Source data
--- START ---

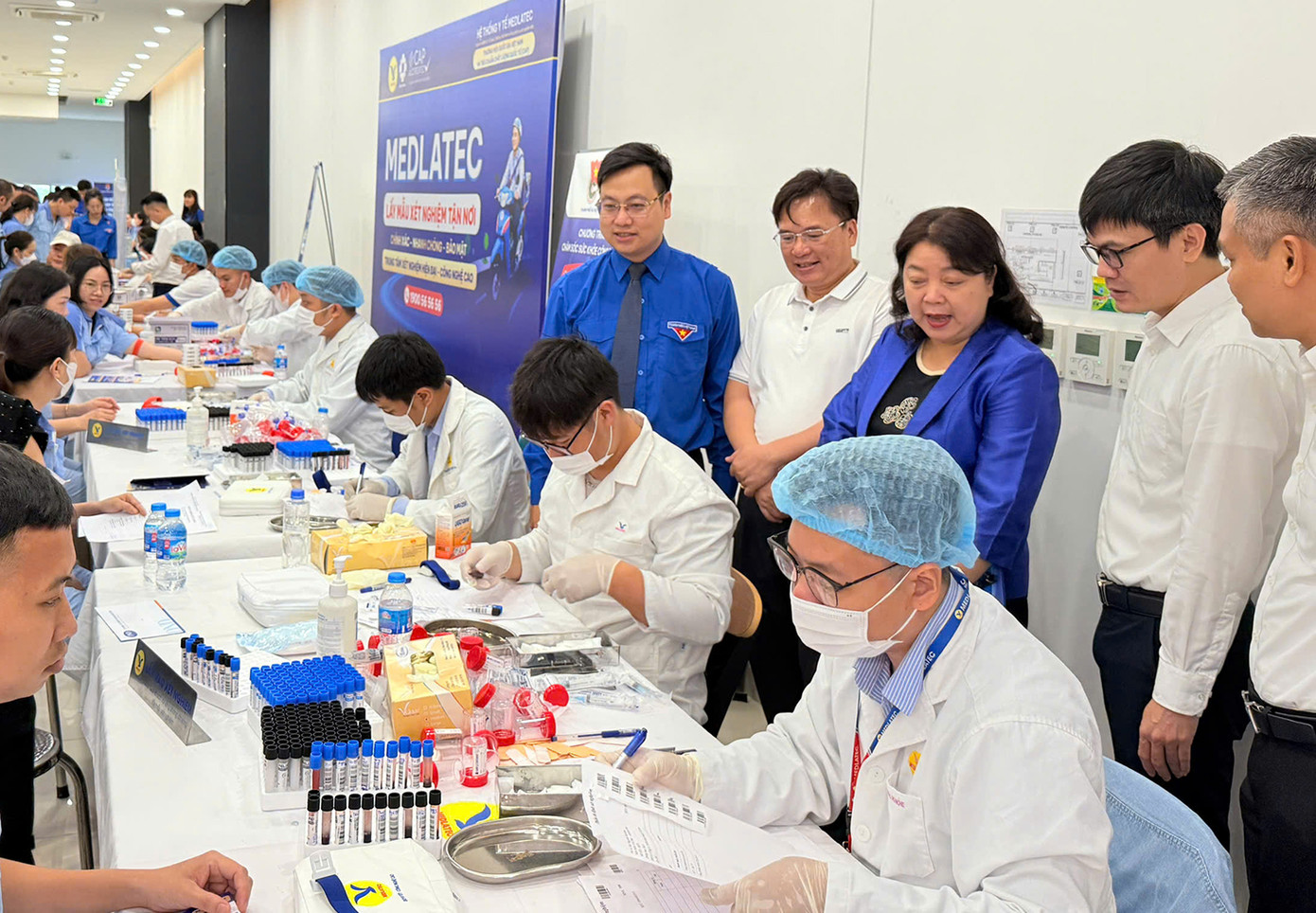 Đại diện Ban Tổ chức động viên, tiếp sức thanh niên công nhân tại chương trình. Đại diện Ban Tổ chức động viên, tiếp sức thanh niên công nhân tại chương trình.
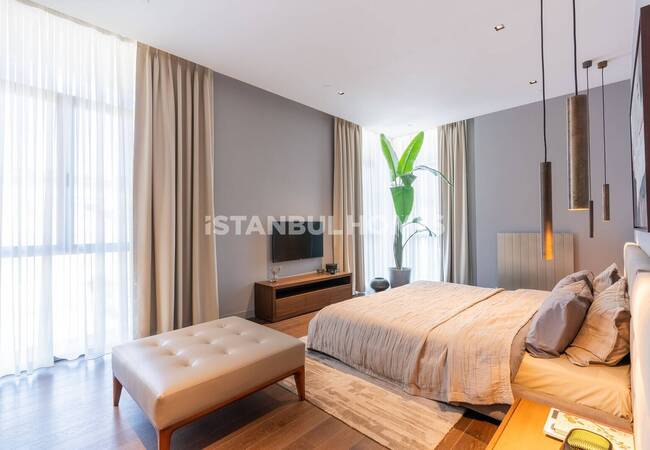 Luxe Real Estate with Sea View in Uskudar Istanbul 19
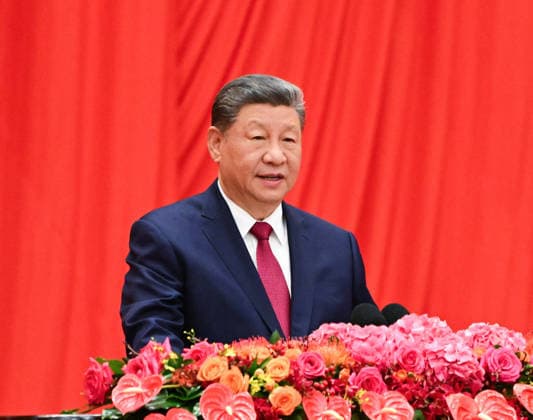 (260930) -- BEIJING, Sept. 30, 2026 -- Chinese President Xi Jinping, also general secretary of the Communist Party of China Central Committee and chairman of the Central Military Commission, delivers an important speech at a reception to celebrate the 77th anniversary of the founding of the People s Republic of China at the Great Hall of the People in Beijing, capital of China, Sept. 30, 2026. ) CHINA-BEIJING-LEADERS-NATIONAL DAY-RECEPTION (CN) XiexHuanchi 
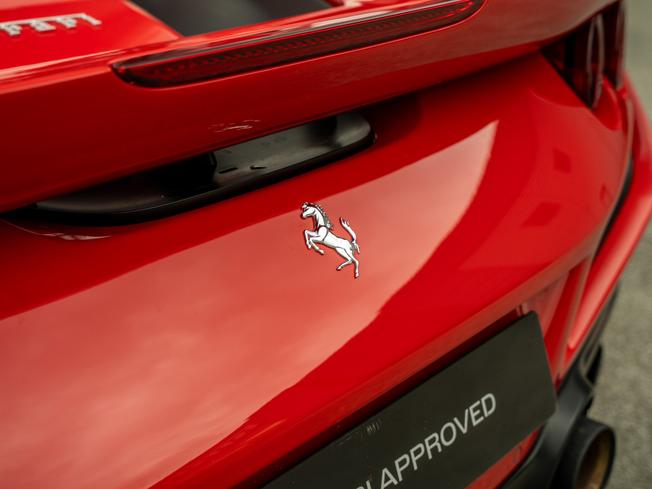 FERRARI F8 Photo 38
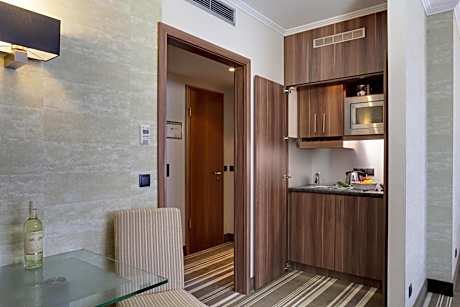 Apartment with Double Bed and Kitchen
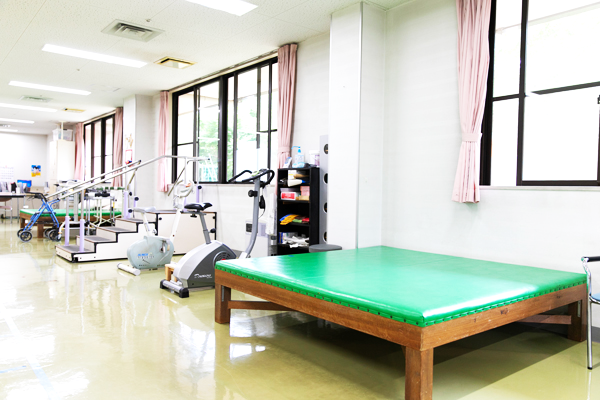 介護老人保健施設 あじさいの郷（常勤）の理学療法士求人メイン写真2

--- END ---

_TASK DESCRIPTION:_
No pictures should appear; only the lines from the first line of the records through the line with "Luxe Real Estate", both included, are to be restated word for word.

_WRITTEN SOLUTION:_
 Đại diện Ban Tổ chức động viên, tiếp sức thanh niên công nhân tại chương trình. Đại diện Ban Tổ chức động viên, tiếp sức thanh niên công nhân tại chương trình.
 Luxe Real Estate with Sea View in Uskudar Istanbul 19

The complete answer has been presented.